:: Data shown ::
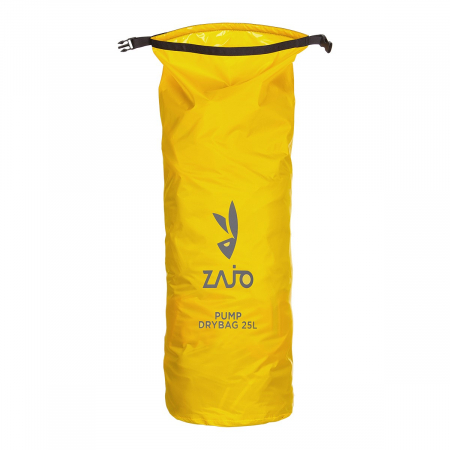 Sac impermeabil cu pompa Zajo Pump Drybag 25 litri Culoare Galben [12]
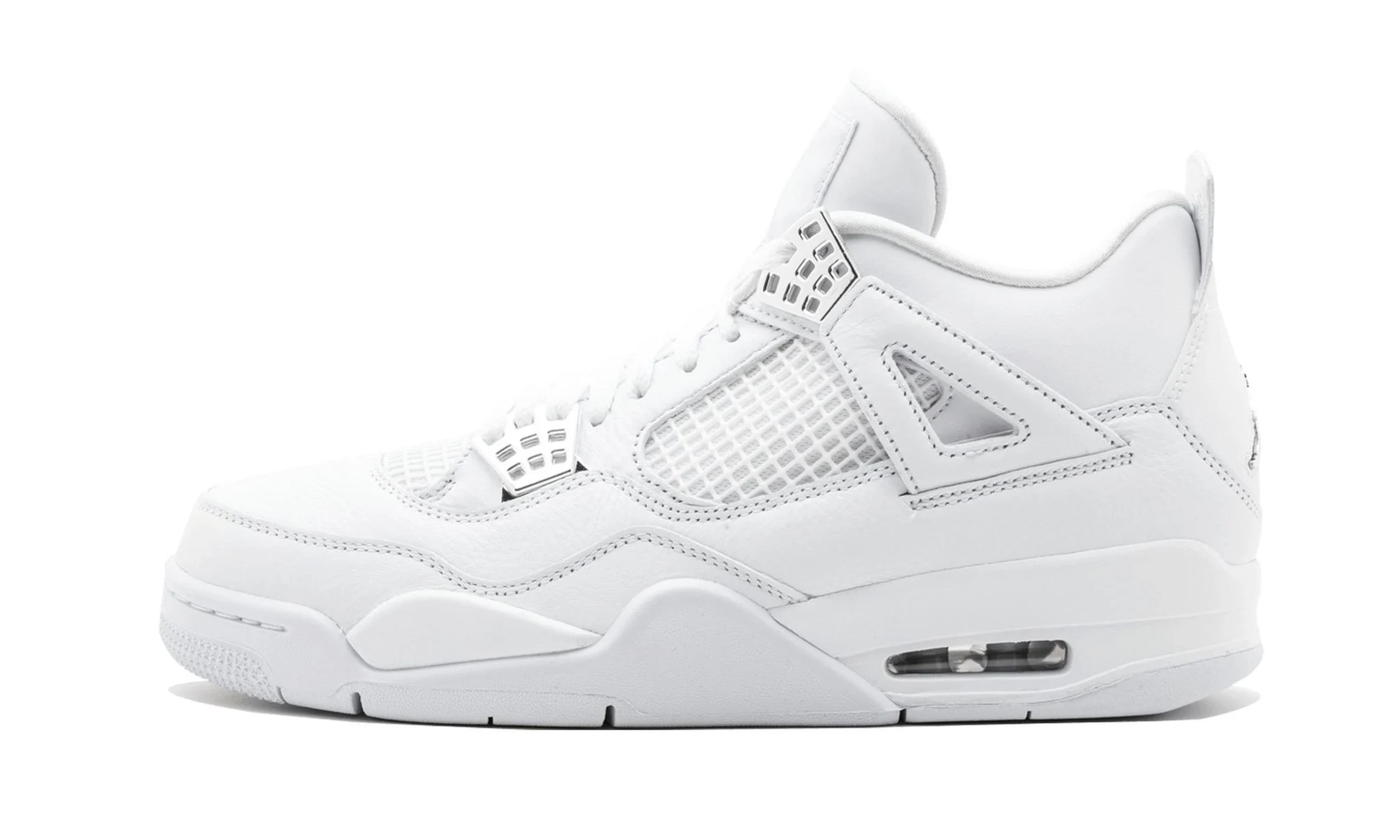 Air Jordan 4 Retro Pure Money 308497 100 (1) - xxxkicks.co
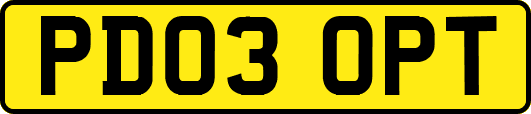 PD03OPT
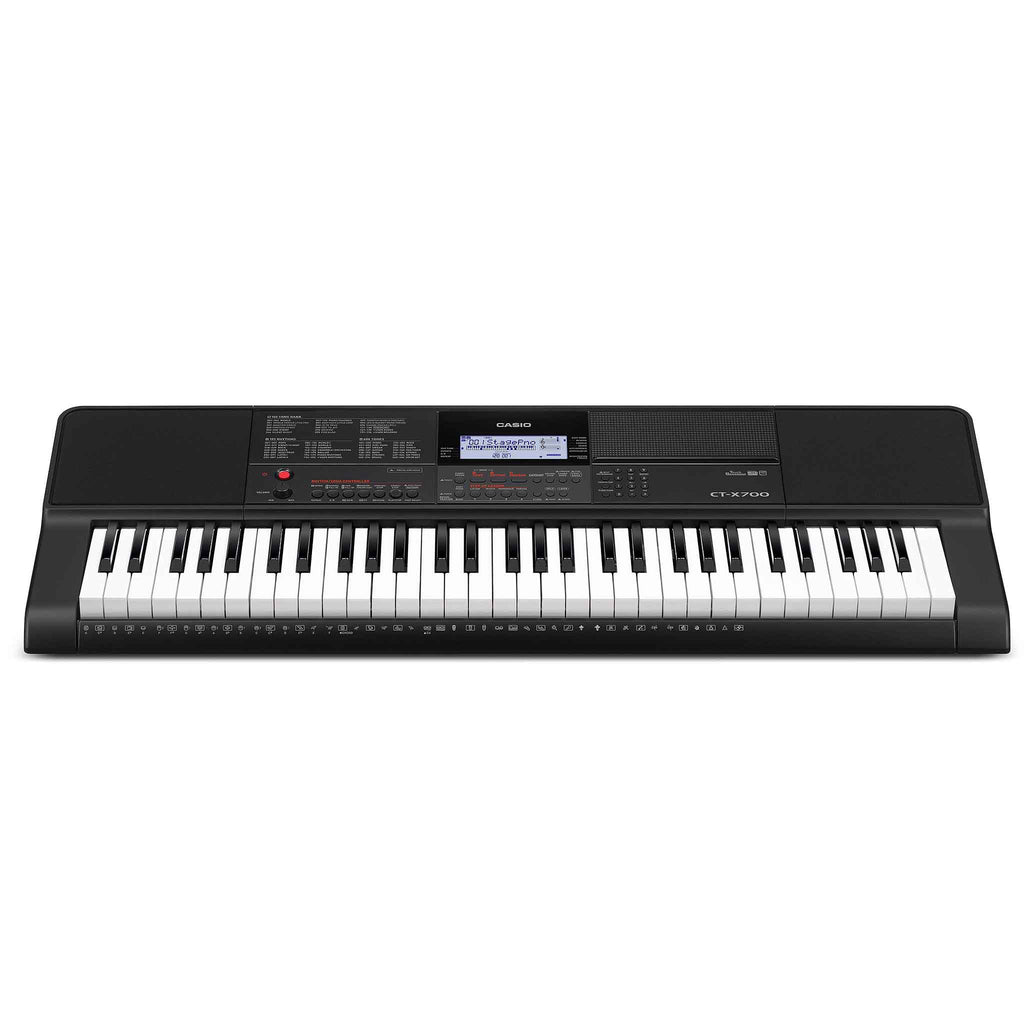 CASIO CT-X700 61-Key Portable Keyboard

:: Description of the task ::
Please write out all of the data verbatim, with no pictures in the copy.

:: Answer to the exercise ::
 Sac impermeabil cu pompa Zajo Pump Drybag 25 litri Culoare Galben [12]
 Air Jordan 4 Retro Pure Money 308497 100 (1) - xxxkicks.co
 PD03OPT
 CASIO CT-X700 61-Key Portable Keyboard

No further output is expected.